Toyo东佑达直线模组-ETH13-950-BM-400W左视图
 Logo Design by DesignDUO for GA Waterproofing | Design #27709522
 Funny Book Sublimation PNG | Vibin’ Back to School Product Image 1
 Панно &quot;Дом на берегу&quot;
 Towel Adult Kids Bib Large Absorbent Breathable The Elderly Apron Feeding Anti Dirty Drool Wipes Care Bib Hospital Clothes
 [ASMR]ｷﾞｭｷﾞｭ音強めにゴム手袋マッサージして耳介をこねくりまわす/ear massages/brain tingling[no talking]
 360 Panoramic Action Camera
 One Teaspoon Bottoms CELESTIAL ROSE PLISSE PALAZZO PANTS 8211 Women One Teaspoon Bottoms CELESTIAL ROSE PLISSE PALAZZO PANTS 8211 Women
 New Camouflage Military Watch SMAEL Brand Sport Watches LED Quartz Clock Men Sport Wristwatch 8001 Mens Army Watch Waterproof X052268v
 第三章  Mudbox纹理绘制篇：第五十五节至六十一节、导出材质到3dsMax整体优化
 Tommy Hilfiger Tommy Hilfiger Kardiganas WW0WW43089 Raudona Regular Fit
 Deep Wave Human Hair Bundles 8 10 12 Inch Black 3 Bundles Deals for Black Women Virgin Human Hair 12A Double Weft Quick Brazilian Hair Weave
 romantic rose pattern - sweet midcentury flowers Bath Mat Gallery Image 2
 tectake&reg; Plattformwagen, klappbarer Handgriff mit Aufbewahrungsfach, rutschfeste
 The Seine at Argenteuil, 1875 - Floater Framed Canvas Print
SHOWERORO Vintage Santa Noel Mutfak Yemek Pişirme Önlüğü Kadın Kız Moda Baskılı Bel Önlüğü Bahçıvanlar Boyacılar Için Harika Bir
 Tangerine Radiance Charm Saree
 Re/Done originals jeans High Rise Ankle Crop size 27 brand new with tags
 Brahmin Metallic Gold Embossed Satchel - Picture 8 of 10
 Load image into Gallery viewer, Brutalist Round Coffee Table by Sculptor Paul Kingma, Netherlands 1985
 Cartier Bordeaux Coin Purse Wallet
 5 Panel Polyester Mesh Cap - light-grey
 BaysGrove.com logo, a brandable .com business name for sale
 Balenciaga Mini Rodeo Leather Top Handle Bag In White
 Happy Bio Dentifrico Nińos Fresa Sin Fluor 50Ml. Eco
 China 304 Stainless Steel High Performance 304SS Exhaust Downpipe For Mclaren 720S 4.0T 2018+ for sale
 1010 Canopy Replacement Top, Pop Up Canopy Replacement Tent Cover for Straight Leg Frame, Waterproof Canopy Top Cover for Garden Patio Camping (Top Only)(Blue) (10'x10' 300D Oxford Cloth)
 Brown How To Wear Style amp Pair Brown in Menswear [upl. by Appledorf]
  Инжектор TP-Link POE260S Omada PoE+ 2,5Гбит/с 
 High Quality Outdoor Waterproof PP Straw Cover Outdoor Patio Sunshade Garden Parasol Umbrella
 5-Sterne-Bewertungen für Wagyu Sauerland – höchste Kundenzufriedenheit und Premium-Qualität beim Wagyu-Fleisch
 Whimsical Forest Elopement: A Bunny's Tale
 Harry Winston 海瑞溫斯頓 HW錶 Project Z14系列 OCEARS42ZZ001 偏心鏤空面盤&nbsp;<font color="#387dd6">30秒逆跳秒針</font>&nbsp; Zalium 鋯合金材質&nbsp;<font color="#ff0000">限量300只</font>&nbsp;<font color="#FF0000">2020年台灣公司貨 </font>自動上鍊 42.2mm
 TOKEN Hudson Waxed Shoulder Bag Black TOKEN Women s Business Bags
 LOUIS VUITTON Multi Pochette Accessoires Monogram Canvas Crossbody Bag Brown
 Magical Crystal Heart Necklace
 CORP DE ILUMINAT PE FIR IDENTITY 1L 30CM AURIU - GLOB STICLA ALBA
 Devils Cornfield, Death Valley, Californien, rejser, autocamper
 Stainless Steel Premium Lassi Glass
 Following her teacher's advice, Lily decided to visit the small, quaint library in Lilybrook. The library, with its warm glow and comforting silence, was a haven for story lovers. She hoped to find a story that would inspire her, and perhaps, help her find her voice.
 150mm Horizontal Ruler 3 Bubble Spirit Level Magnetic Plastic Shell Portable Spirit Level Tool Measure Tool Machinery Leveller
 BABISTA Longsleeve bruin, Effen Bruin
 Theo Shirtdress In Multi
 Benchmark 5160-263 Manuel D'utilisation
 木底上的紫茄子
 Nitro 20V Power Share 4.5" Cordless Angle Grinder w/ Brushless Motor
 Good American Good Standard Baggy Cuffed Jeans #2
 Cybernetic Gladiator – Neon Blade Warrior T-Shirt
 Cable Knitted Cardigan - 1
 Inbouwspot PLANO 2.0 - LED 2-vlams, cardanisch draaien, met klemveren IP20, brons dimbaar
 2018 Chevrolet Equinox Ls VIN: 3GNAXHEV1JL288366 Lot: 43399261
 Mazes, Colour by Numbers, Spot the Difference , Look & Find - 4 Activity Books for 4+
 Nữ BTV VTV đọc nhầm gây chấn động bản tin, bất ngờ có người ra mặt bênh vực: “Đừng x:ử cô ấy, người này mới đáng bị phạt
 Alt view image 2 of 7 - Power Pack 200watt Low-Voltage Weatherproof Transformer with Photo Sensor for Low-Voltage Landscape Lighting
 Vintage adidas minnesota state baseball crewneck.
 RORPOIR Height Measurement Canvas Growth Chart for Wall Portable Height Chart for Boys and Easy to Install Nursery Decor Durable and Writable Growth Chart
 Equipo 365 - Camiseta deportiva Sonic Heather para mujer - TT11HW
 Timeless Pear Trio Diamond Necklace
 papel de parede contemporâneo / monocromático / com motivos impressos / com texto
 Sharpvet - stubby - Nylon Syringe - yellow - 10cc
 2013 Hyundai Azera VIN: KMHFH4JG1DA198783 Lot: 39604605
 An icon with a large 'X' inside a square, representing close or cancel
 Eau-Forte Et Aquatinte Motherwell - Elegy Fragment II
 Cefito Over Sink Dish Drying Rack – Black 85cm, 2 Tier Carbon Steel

============================================================

* What the task requires
Tally the lines in the entries above that hold the string "Canvas" and state the tally alone.

* Solution for this exercise
3